-- Opening Marker --

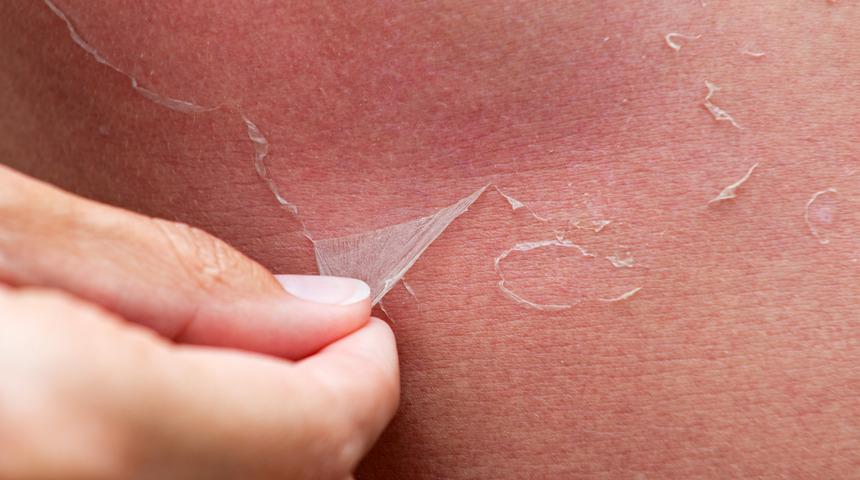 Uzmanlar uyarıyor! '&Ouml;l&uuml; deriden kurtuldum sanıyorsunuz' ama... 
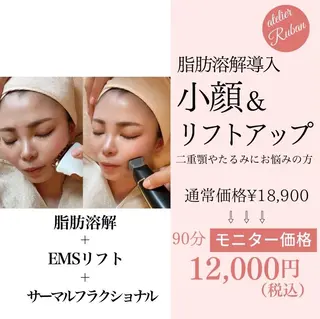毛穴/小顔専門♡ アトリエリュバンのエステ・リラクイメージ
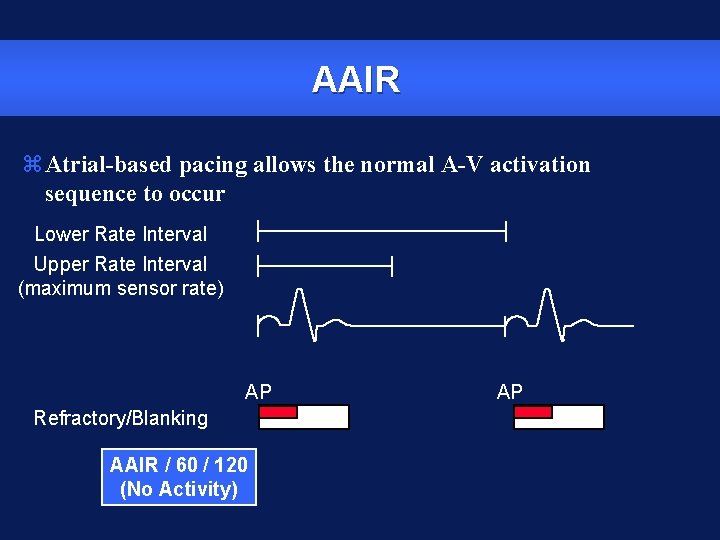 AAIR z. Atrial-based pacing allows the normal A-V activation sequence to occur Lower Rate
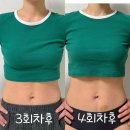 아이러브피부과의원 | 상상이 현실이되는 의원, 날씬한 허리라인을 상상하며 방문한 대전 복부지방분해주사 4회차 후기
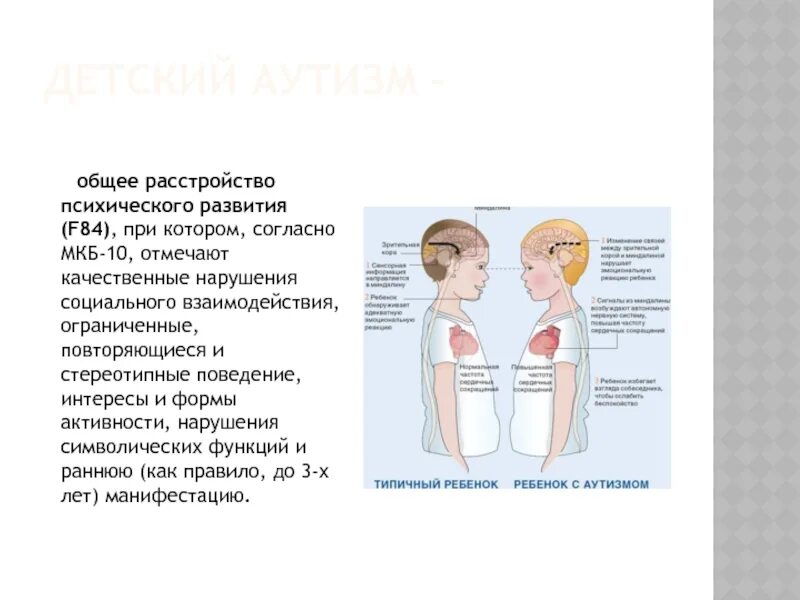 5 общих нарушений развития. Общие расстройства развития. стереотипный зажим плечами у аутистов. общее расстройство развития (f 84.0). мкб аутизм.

-- Closing Marker --

*TASK OBJECTIVE*:
Start with the line that holds "아이러브피부과의원 | 상상이" and retype each line through the last one in the data, exactly and without pictures.

*EXERCISE ANSWER*:
 아이러브피부과의원 | 상상이 현실이되는 의원, 날씬한 허리라인을 상상하며 방문한 대전 복부지방분해주사 4회차 후기
 5 общих нарушений развития. Общие расстройства развития. стереотипный зажим плечами у аутистов. общее расстройство развития (f 84.0). мкб аутизм.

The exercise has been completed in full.